During that time, “nearly half of the world’s air traffic growth will be driven by travel to, from or within the Asia Pacific region,” according to the Chicago-based company’s market forecast for the region.
The airplane maker expects single-aisle airplanes to account for 69 percent of new airplanes used in Asia. Boeing’s 737 family has been a mainstay for decades in that market, but it has lost market share to the Airbus A320 family. The European aerospace manufacturer has more orders for 320s than Boeing does for 737s.
But other, smaller jetliner makers could be fighting for some of that market share as well. Bombardier’s CSeries airplanes and Embraer’s E2 jetliners are the most serious competitors.
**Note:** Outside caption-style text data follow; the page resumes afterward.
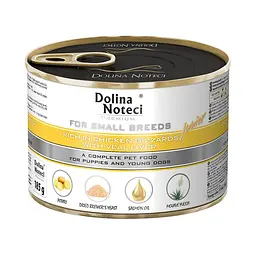 Вологий корм для цуценят,юніорів собак маленьких порід Dolina Noteci Premium з курячим шлунком та печінкою теляти 185 г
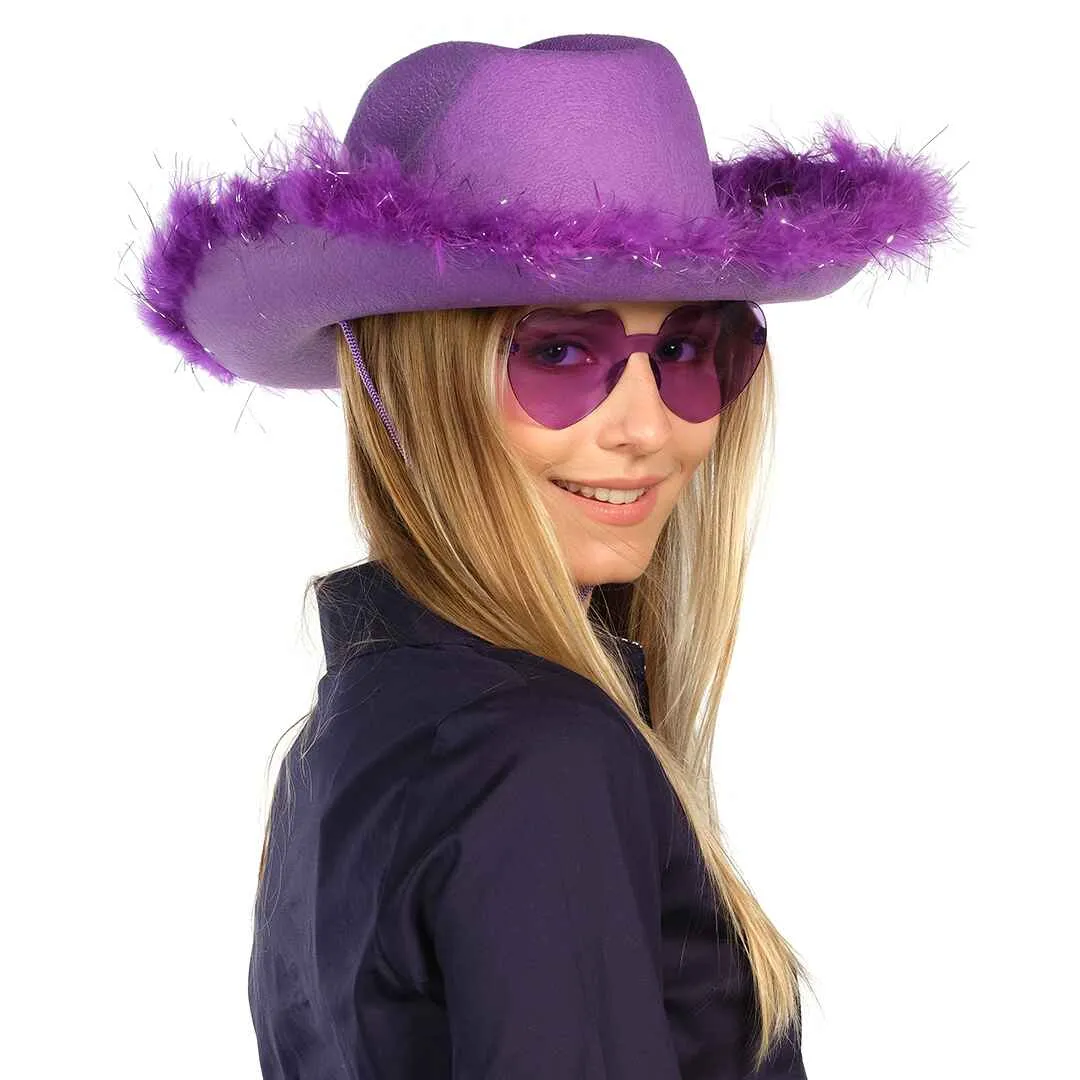 Purple Cowgirl Hat with Glasses - Halloween Cowboy Hat with Feathers - FUNCREDIBLE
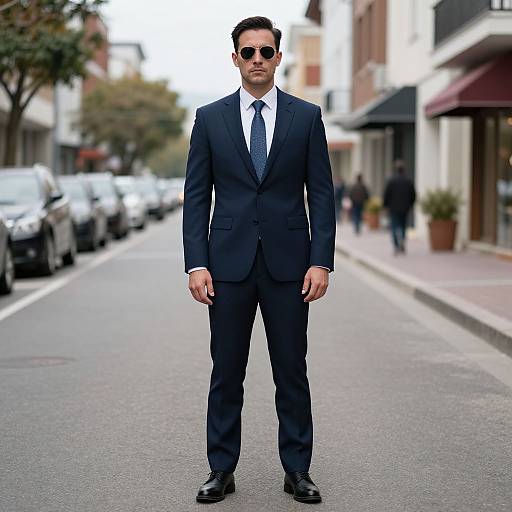 Photograph of a man in a black suit, white shirt, black tie, and sunglasses standing confidently in the middle of a city street. Blurred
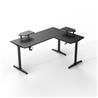 Armoury L-Shaped  Gaming Desk with Carbon fibre grain desktop and Monitor Stand, Office Workstation, 160*120*75cm, Black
But the largest of those models — the CS300 and the E195-E2 — will only overlap with the smallest 737s and A320s.
For long-haul traffic, Boeing forecasts twin-aisle airplanes will account for 28 percent of new airplane deliveries.
Boeing expects air travel within China will grow 6.9 percent each year through 2032, while traffic within the rest of the Asia Pacific market will increase about 6.2 percent a year.
The company is forecasting slower growth for air travel in North America and Europe, which both offer more mature markets and have more alternatives to air travel, chiefly road and rail. Nonetheless, they will still make up about 39 percent of the world’s air traffic, down from 52 percent in 2012, according to the company’s forecast.
Airbus and many aviation market analysts share Boeing’s outlook for Asia, but their optimism is being tempered by concerns that the region’s slowing economic growth and currency turmoil could lead to some Asian carriers’ cancelling orders with Boeing and Airbus, reports the Financial Times.